Action item —
Only one stretch of the data should be retyped: the lines from the line containing "And this concludes" through the line containing "A equals 2, 3, minus". Keep pictures out of it.

==== Study material ====

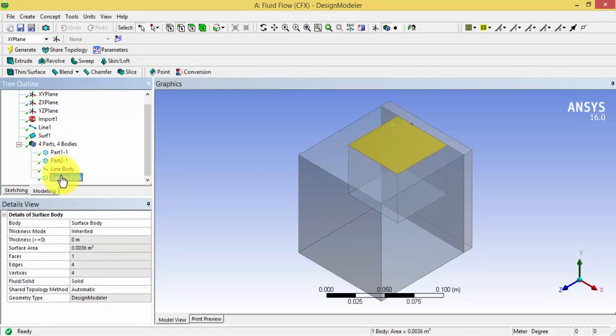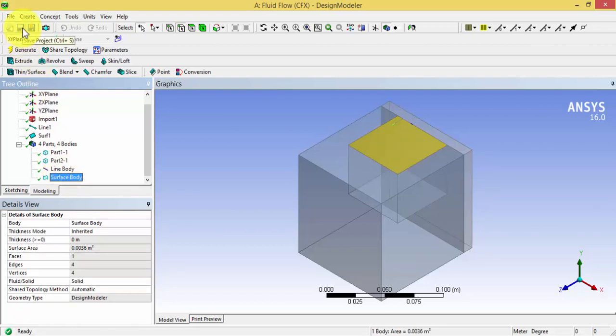We have learned how to create an edge from points, similarly how to create a surface from edges. Thank you.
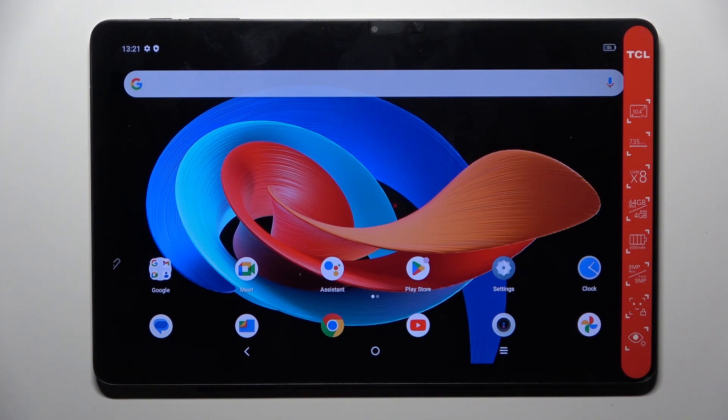Good morning, guys! In front of me is TCL Tab 10 Gen D2, and let me show you how to change screen timeout.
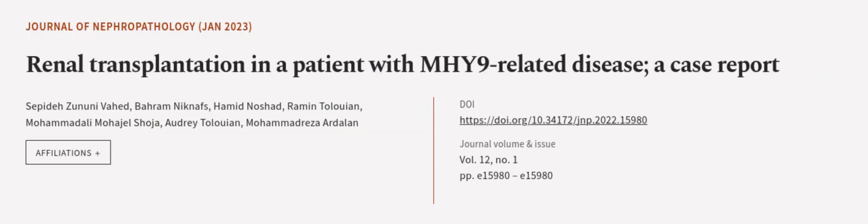This article was authored by Sapita Zanuni Vahed, Baram Niknafs, Hamid Noshad, and others.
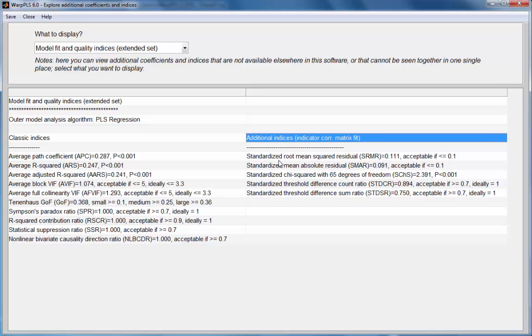And this concludes this demo on indicator correlation matrix fit indices.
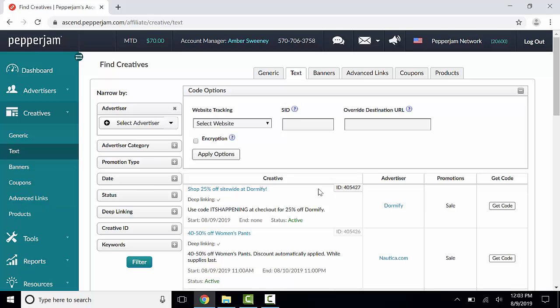Then when you select Get Code, the tracking URL will be the URL that you have deep-linked. The last section here is Encryption.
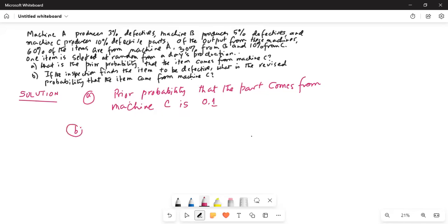Part B: If the inspection finds the item to be defective, what is the probability that the item comes from Machine C? This is where we have to apply Bayes' theorem.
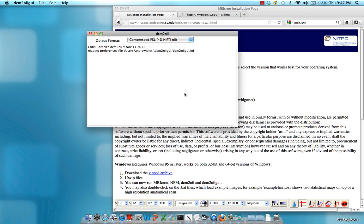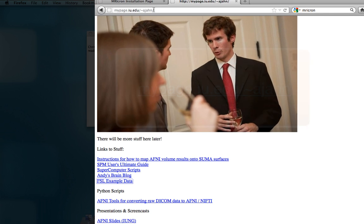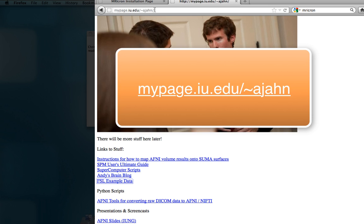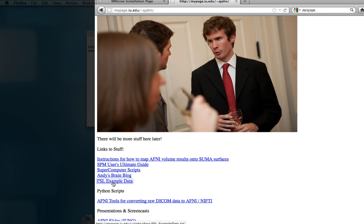Now that we have DICOM to NIFTI set up, all we need is some raw fMRI data to convert. I've provided some on my webpage, which is mypage.iu.edu slash tilde ajahn. Go to the links and click on FSL example data to download a sample data suite.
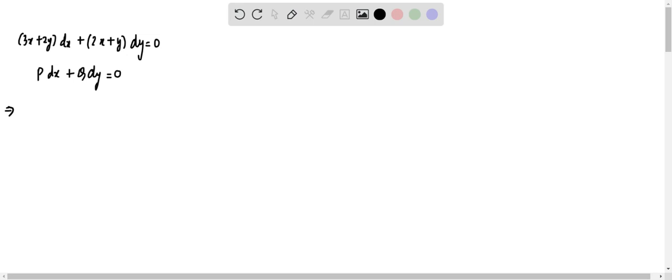For exactness, ∂P/∂y should be equal to ∂Q/∂x. ∂P/∂y is nothing but 2. ∂Q/∂x is the differentiation of (2x + y) with respect to x, which is 2. So we see that this equation is exact.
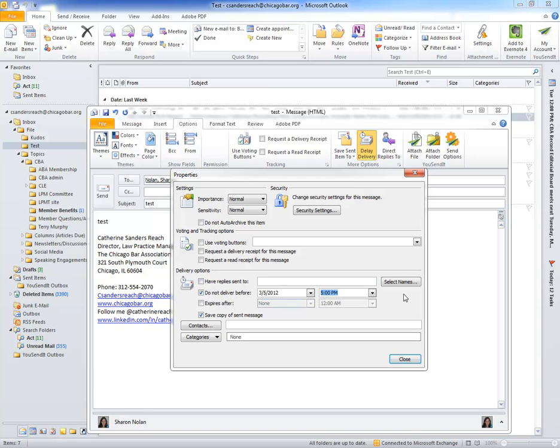Have replies sent to - you can have it sent to a different person - and the all important one: Do not deliver before. You can choose a date and a time, and once you set this, it will not be sent before that date and that time.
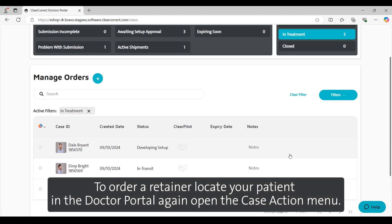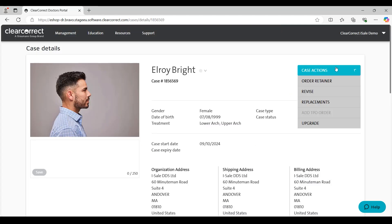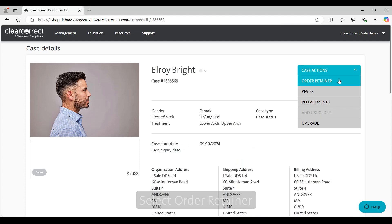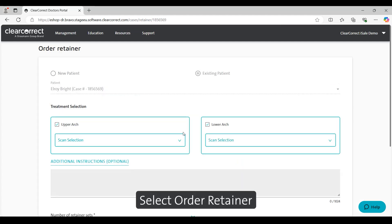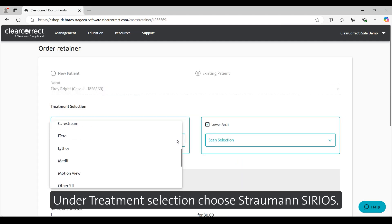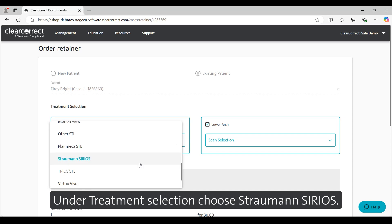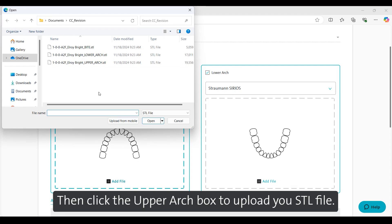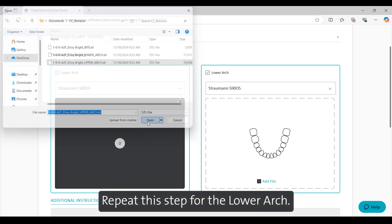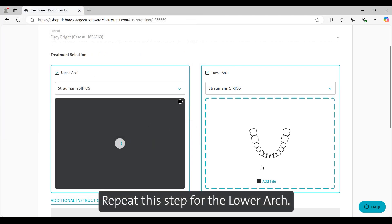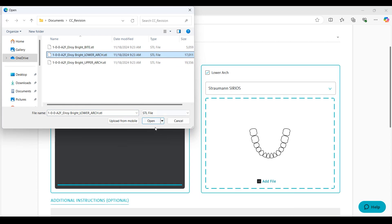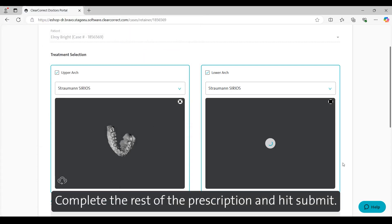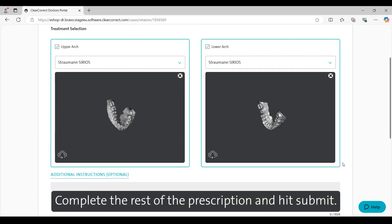To order a retainer, locate your patient in the Doctor Portal. Open the Case Actions menu and select Order Retainer. Under Treatment, select Choose Straumann Sirius. Then click the upper arch box to upload your STL file. Repeat this step for the lower arch. Complete the rest of the prescription and hit Submit.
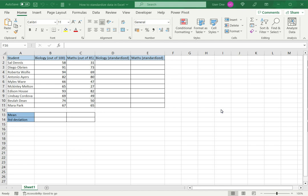This is commonly done in machine learning so that data sets can be reduced to a common scale and fed into a machine learning model. In Excel we can compute this using the standardize function.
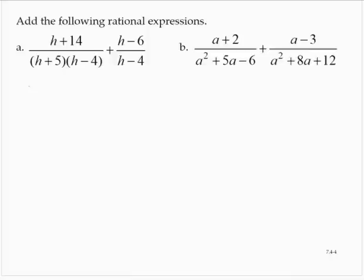Add the following rational expressions: (h + 14) / ((h + 5)(h − 4)) plus (h − 6) / (h − 4).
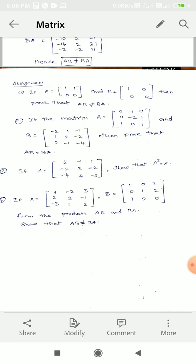A equals 2, 3, minus 1, minus 3, 1, 2, and B equals 1, 0, 2, 0, 1, 2, 1, 2, 0. Form the products AB and BA and show that AB is not equal to BA. This is all for the separate mathematics notes. Thank you students, we go to the next class. Bye.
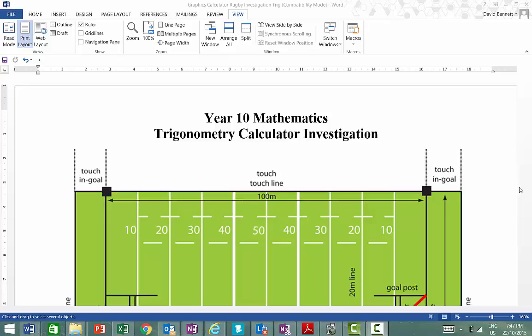Hi, Mr. Bennett here. Now today we're just going to go through a calculated investigation that's going to help you with your investigation on the TV.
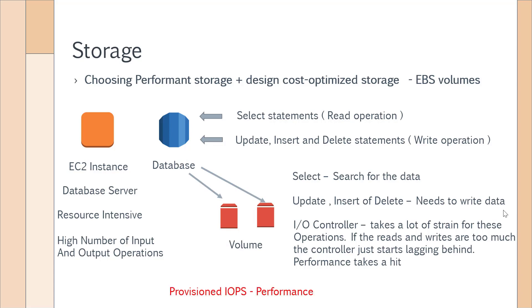In such a case, you should use the Provisioned IOPS volumes because these volumes have been designed in such a way that it makes it easier to do the input and output operations. It's especially built for this purpose and it gives you higher performance on your underlying volumes. Obviously, you do need to pay more when compared to the General Purpose SSD, but when you get a question based on performance, you have to choose Provisioned IOPS as the underlying EBS volume type.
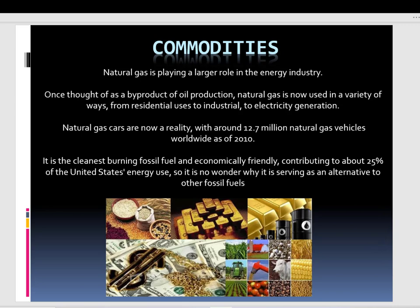Another commodity is natural gas, which is playing a large role in the energy industry. We now have around 12.7 million natural gas vehicles worldwide as of 2010, and this number has been increasing since then. It's the cleanest burning fossil fuel and economically friendly, contributing to about 25% of United States energy use. So it's no wonder why it's serving as an alternative to other fossil fuels.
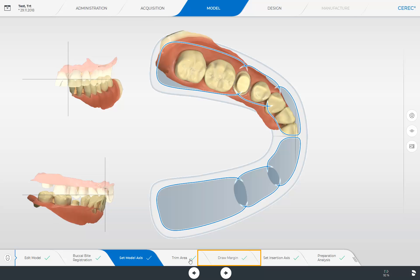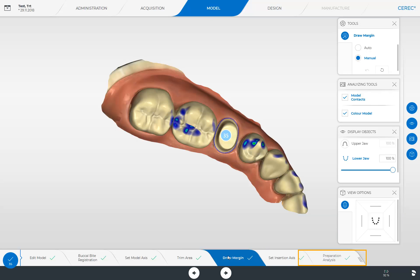We return to the Draw Margin step and briefly elaborate on the last step of the Step menu. You can use the preparation analysis to check the distance to the antagonist, identify possible undercuts, and check the condition of the preparation margin as well as the surface before the initial design proposal is calculated. Should any critical area be displayed here, it is recommended to manipulate the prepped tooth once again and scan the respective image catalog again.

====

Answer for the task —
And this concludes this demo on indicator correlation matrix fit indices.
Then when you select Get Code, the tracking URL will be the URL that you have deep-linked. The last section here is Encryption.
Part B: If the inspection finds the item to be defective, what is the probability that the item comes from Machine C? This is where we have to apply Bayes' theorem.
Now that we have DICOM to NIFTI set up, all we need is some raw fMRI data to convert. I've provided some on my webpage, which is mypage.iu.edu slash tilde ajahn. Go to the links and click on FSL example data to download a sample data suite.
For exactness, ∂P/∂y should be equal to ∂Q/∂x. ∂P/∂y is nothing but 2. ∂Q/∂x is the differentiation of (2x + y) with respect to x, which is 2. So we see that this equation is exact.
Have replies sent to - you can have it sent to a different person - and the all important one: Do not deliver before. You can choose a date and a time, and once you set this, it will not be sent before that date and that time.
To order a retainer, locate your patient in the Doctor Portal. Open the Case Actions menu and select Order Retainer. Under Treatment, select Choose Straumann Sirius. Then click the upper arch box to upload your STL file. Repeat this step for the lower arch. Complete the rest of the prescription and hit Submit.
This is commonly done in machine learning so that data sets can be reduced to a common scale and fed into a machine learning model. In Excel we can compute this using the standardize function.
Add the following rational expressions: (h + 14) / ((h + 5)(h − 4)) plus (h − 6) / (h − 4).
A equals 2, 3, minus 1, minus 3, 1, 2, and B equals 1, 0, 2, 0, 1, 2, 1, 2, 0. Form the products AB and BA and show that AB is not equal to BA. This is all for the separate mathematics notes. Thank you students, we go to the next class. Bye.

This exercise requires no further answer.